In other consequent attacks, the provisional Irish Republican Army was involved in several mortar attacks in Northern Ireland. The army had homemade mortars that had a shooting range of a few meters. The first death caused by these mortars was from a British soldier who was trying to defuse a misfired projectile. The Irish Republican Army continued with similar attacks using the mortar in the early 1990’s. At one point, they planned and executed a mortar attack in the residence of the British Prime Minister. They also attacked the London’s Heathrow airport before successfully shooting down two British helicopters between March and July in 1994 (Coaffee, 2003).

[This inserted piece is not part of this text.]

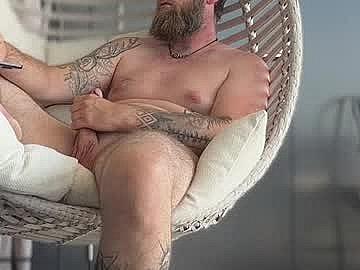_beard_and_tattoo_ Chaturbate Cam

After these numerous acts of terrorism running through several decades, the Irish Army formally announced that it was going to cease fire in August 1994. The Irish Republican Army pledged its commitment to using non-violent ways to unite the two states of Ireland. They were able to observe the cease-fire until a short period in the year 1996. Prime Minister Tony Blair initiated the peace talks again and facilitated the signing of a cease-fire agreement after the watershed on Good Friday. The Irish Republican Army restated their commitment to the peace agreement and again pledged to use means which were not violent to achieve their vision. Although the Irish Republican Army has clearly stated that they had agreed to use peaceful ways of achieving their goal, their members did not stop taking part in criminal activities, including robberies and smuggling.

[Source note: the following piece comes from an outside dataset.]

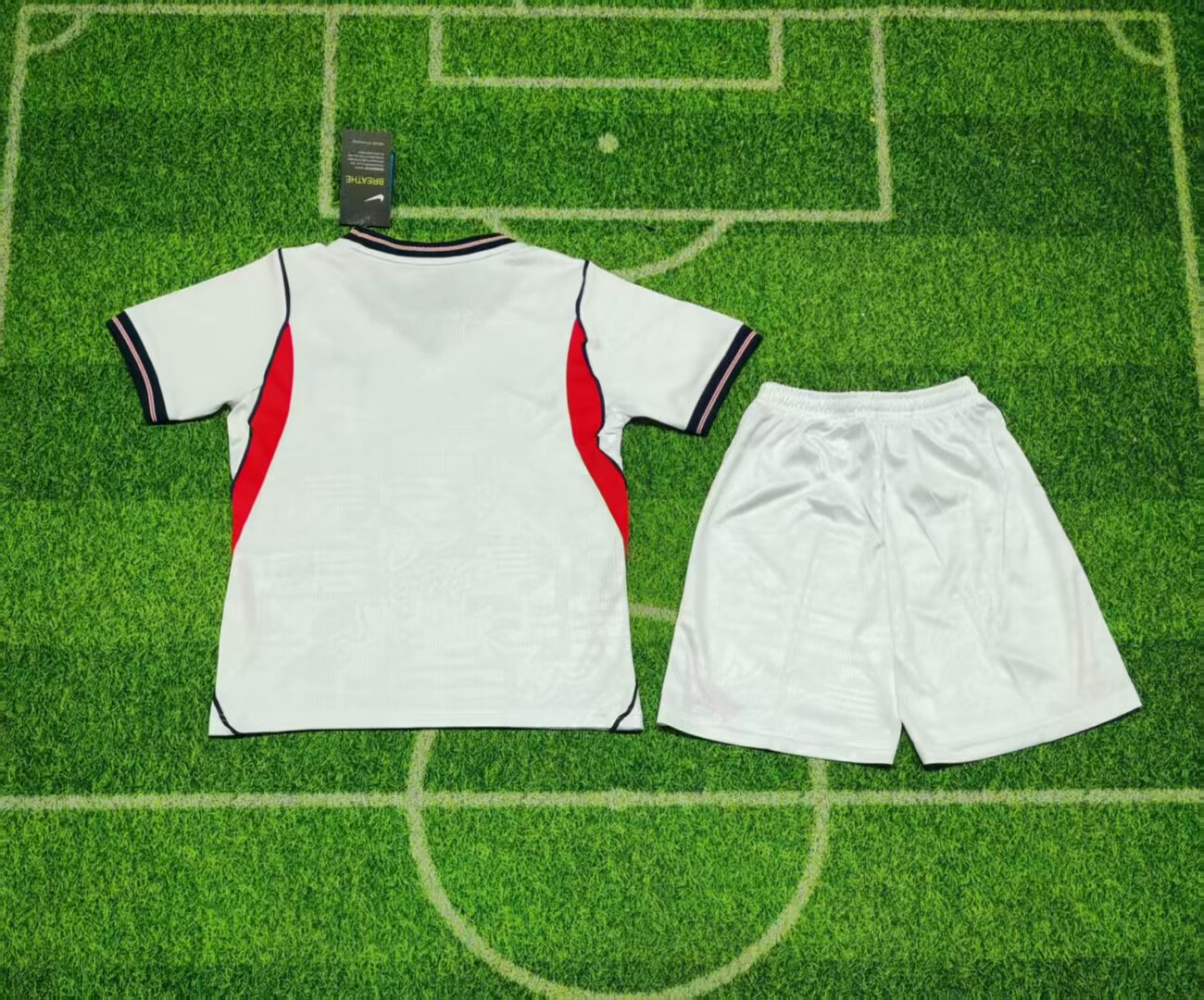 England 25/26 World Cup kids kit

The splinter groups from of Irish Republican Army such as the continuity Irish Republican Army and Real Irish Republican Army were against the peace agreement, and the cease fire. They slowed down the negotiations of peace, but in the year 2001, the Irish Army formally announced that it was going to disarm its army. The Irish Republican Army took another further step and gave a public apology to every person who was affected by its previous attacks. In the year 2005, a report that checked the progress of the Irish Republican Army showed that they had disarmed its members and they were respecting the peace agreement (Dillon, 1996).

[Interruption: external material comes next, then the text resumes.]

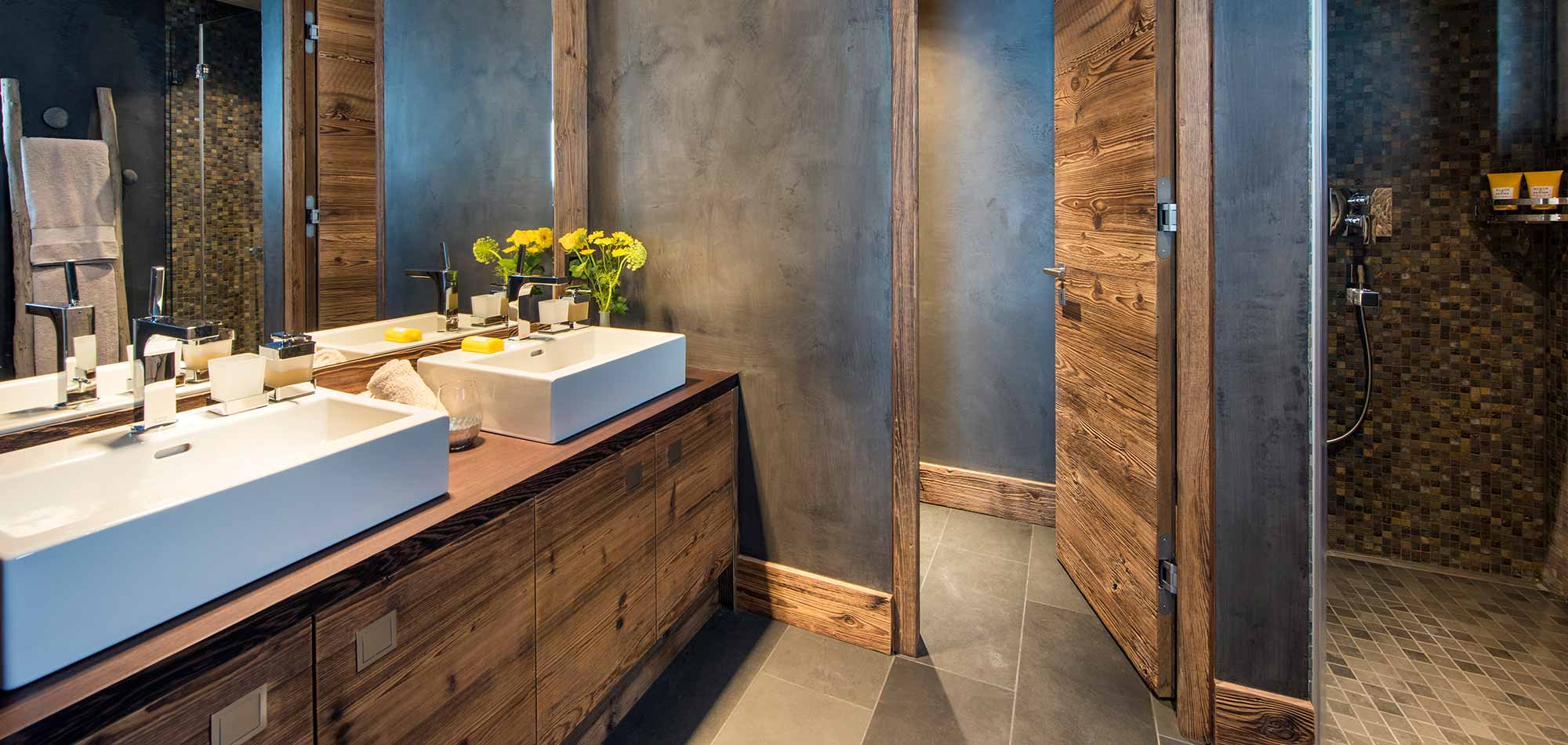 agate_penthouse_verbier_switzerland_luxury_ski_chalet_bathroom_1.jpg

Currently, the Irish Republican Army continues to obey the agreements of peace that it formulated with Britain. Therefore, the Irish republican Army is not a threat to the United States of America (Coogan, 2000). To signify the warm blood between the British monarch and the Irish Republican Army, Britain’s Queen Elizabeth II shook the hand of Martin McGuiness, a former commander of the Provisional Irish Republican Army in June 2012. The groups that pose a threat to the U.S.A are the breakaway organisations of the Irish Republican Army that are not in agreement with the signed peace agreements. The Irish Republican Army received some funding from some sympathisers in the U.S.A. This group of people, who funded the Irish Republican Army is a threat to peace in U.S.A. They can easily support the activities of the breakaway organisations (Dillon, 1996).